In this issue of Blood, Amengual et al report the results of a single-institution dose-escalation phase 1 study of pralatrexate plus romidepsin for patients with relapsed/refractory non-Hodgkin lymphoma. This combination resulted in a very high response rate in patients with previously treated peripheral T-cell lymphoma (PTCL).1 

PTCL represents only 10% to 15% of the non-Hodgkin lymphomas in Western developed countries, but up to 35% or more in some Asian countries.2  Traditionally, standard therapies used for B-cell lymphomas such as cyclophosphamide, doxorubicin, vincristine, and prednisone (CHOP-based therapies) were used for first-line therapies for PTCL; second-line therapies included standard salvage therapies such as ifosfamide, carboplatin, and etoposide. However, the results using these types of standard therapies have resulted in few patients with PTCL having long-term disease-free survival.3  Recently, several new single agents have been approved for relapsed PTCL including pralatrexate (an antifolate agent), romidepsin and belinostat (histone deacetylase inhibitors), and brentuximab vedotin (antitubulin agent conjugated to an anti-CD30 antibody). However, with the exception of brentuximab vedotin, the single-agent response rates in relapsed PTCL is ∼25% to 30%.4-7 

The authors wanted to create a novel platform for the therapy of PTCL, rather than just adding another agent to the standard CHOP backbone. Based on a preclinical model of PTCL, the combination of pralatrexate and romidepsin was found to be synergistic. This resulted in the described trial of a standard 3 + 3 dose escalation phase 1 study of the 2 agents evaluating the best schedule and pharmacokinetic profile with acceptable toxicity. Although the majority of patients did have relapsed PTCL (n = 18), other subtypes of non-Hodgkin lymphomas were eligible for the study (29 total patients enrolled). The recommended phase 2 dose was determined to be pralatrexate 25 mg/m2 and romidepsin 12 mg/m2 every 14 days on a 28-day cycle. Among the evaluable patients, 10/14 (71%) of PTCL patients achieved a response and 4/14 (29%) had a complete response. However, the median duration of response was only 4.3 months.1 

What are the lessons learned from this study? Because the 2 agents in this study have demonstrated almost exclusively activity in PTCL and not B-cell lymphomas, limiting the trial to relapsed/refractory PTCL patient may have enhanced the ability to evaluate a larger number of PTCL patients with this novel combination. The second lesson is that well-designed studies based on animal model systems and synergy are beneficial when setting up a prospective clinical trial. The 2 agents in this trial, pralatrexate and romidepsin, were predicted to have a high response rate in PTCL and, indeed, they demonstrated this in the trial. However, animal model information should not be used in isolation because the models do not always accurately predict clinical responses or toxicity issues in patients. We must also incorporate tumor genomic profiling information to subset the broad categories of PTCL. This will assist physicians who treat lymphoma patients to formulate a hypothesis for agents used in clinical trials with specific subtypes of PTCL. For example, through profiling, at least 2 subtypes of PTCL-not otherwise specified have been identified: the GATA 3 and TBX21 subtypes.8  Possible targeting of the phosphatidylinositol 3-kinase and mTOR pathways in the GATA3 subtype vs targeting of the NF-κB and STAT pathways in the TBX21 subtypes needs to be tested in clinical trials.

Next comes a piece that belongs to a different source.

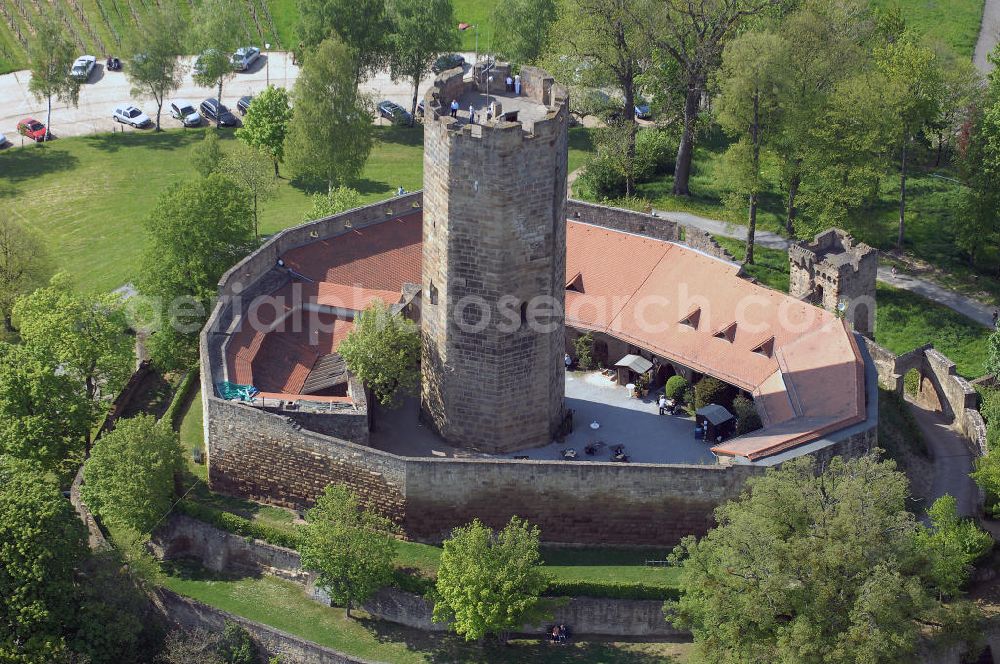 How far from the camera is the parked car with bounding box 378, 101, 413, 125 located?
397 ft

Finally, if rationally designed novel doublet or triplet combinations are found to be successful for relapsed PTCL, should we consider them as a new backbone for front-line treatment of high-risk PTCL patients instead of the standard CHOP backbone therapies? With such poor outcomes for standard therapy in high-risk PTCL patients, clinical trials of a novel combination with a new backbone should be offered on clinical trials with correlative studies to learn from every patient. Because PTCL is a rare lymphoma, we should encourage enrollment of as many patients as possible with PTCL on clinical trials to improve our knowledge base for all future PTCL patients.

Conflict-of-interest disclosure: The author declares no competing financial interests.